Write every entry out again, exactly as given.

[Dataset entries]
━━━━

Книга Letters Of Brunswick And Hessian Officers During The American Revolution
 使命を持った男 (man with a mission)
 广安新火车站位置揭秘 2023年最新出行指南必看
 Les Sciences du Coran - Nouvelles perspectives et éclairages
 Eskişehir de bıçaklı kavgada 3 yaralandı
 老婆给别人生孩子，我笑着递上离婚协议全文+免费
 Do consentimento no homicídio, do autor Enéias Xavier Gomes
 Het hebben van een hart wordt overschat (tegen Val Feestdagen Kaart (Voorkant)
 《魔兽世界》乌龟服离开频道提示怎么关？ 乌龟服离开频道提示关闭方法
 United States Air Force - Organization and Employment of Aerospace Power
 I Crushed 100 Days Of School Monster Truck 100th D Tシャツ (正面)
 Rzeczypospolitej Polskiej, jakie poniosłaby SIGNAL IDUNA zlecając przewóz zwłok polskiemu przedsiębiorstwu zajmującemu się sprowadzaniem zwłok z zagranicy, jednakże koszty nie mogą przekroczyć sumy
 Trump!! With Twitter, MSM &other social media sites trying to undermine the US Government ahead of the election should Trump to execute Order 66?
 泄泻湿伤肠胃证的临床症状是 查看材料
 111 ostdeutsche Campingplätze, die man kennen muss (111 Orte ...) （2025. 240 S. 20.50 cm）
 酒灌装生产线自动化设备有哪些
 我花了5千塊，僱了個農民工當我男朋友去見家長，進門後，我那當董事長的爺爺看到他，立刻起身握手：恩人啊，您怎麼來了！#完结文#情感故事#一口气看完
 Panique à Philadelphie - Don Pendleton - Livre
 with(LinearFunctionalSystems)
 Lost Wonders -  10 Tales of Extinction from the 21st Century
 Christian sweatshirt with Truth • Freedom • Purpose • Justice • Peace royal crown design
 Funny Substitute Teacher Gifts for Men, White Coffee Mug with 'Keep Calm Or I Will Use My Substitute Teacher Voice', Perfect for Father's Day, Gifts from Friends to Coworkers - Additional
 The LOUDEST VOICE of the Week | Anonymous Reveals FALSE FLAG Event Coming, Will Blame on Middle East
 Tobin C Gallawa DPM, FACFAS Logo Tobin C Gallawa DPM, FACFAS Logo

━━━━

### Expected answer
Книга Letters Of Brunswick And Hessian Officers During The American Revolution
 使命を持った男 (man with a mission)
 广安新火车站位置揭秘 2023年最新出行指南必看
 Les Sciences du Coran - Nouvelles perspectives et éclairages
 Eskişehir de bıçaklı kavgada 3 yaralandı
 老婆给别人生孩子，我笑着递上离婚协议全文+免费
 Do consentimento no homicídio, do autor Enéias Xavier Gomes
 Het hebben van een hart wordt overschat (tegen Val Feestdagen Kaart (Voorkant)
 《魔兽世界》乌龟服离开频道提示怎么关？ 乌龟服离开频道提示关闭方法
 United States Air Force - Organization and Employment of Aerospace Power
 I Crushed 100 Days Of School Monster Truck 100th D Tシャツ (正面)
 Rzeczypospolitej Polskiej, jakie poniosłaby SIGNAL IDUNA zlecając przewóz zwłok polskiemu przedsiębiorstwu zajmującemu się sprowadzaniem zwłok z zagranicy, jednakże koszty nie mogą przekroczyć sumy
 Trump!! With Twitter, MSM &other social media sites trying to undermine the US Government ahead of the election should Trump to execute Order 66?
 泄泻湿伤肠胃证的临床症状是 查看材料
 111 ostdeutsche Campingplätze, die man kennen muss (111 Orte ...) （2025. 240 S. 20.50 cm）
 酒灌装生产线自动化设备有哪些
 我花了5千塊，僱了個農民工當我男朋友去見家長，進門後，我那當董事長的爺爺看到他，立刻起身握手：恩人啊，您怎麼來了！#完结文#情感故事#一口气看完
 Panique à Philadelphie - Don Pendleton - Livre
 with(LinearFunctionalSystems)
 Lost Wonders -  10 Tales of Extinction from the 21st Century
 Christian sweatshirt with Truth • Freedom • Purpose • Justice • Peace royal crown design
 Funny Substitute Teacher Gifts for Men, White Coffee Mug with 'Keep Calm Or I Will Use My Substitute Teacher Voice', Perfect for Father's Day, Gifts from Friends to Coworkers - Additional
 The LOUDEST VOICE of the Week | Anonymous Reveals FALSE FLAG Event Coming, Will Blame on Middle East
 Tobin C Gallawa DPM, FACFAS Logo Tobin C Gallawa DPM, FACFAS Logo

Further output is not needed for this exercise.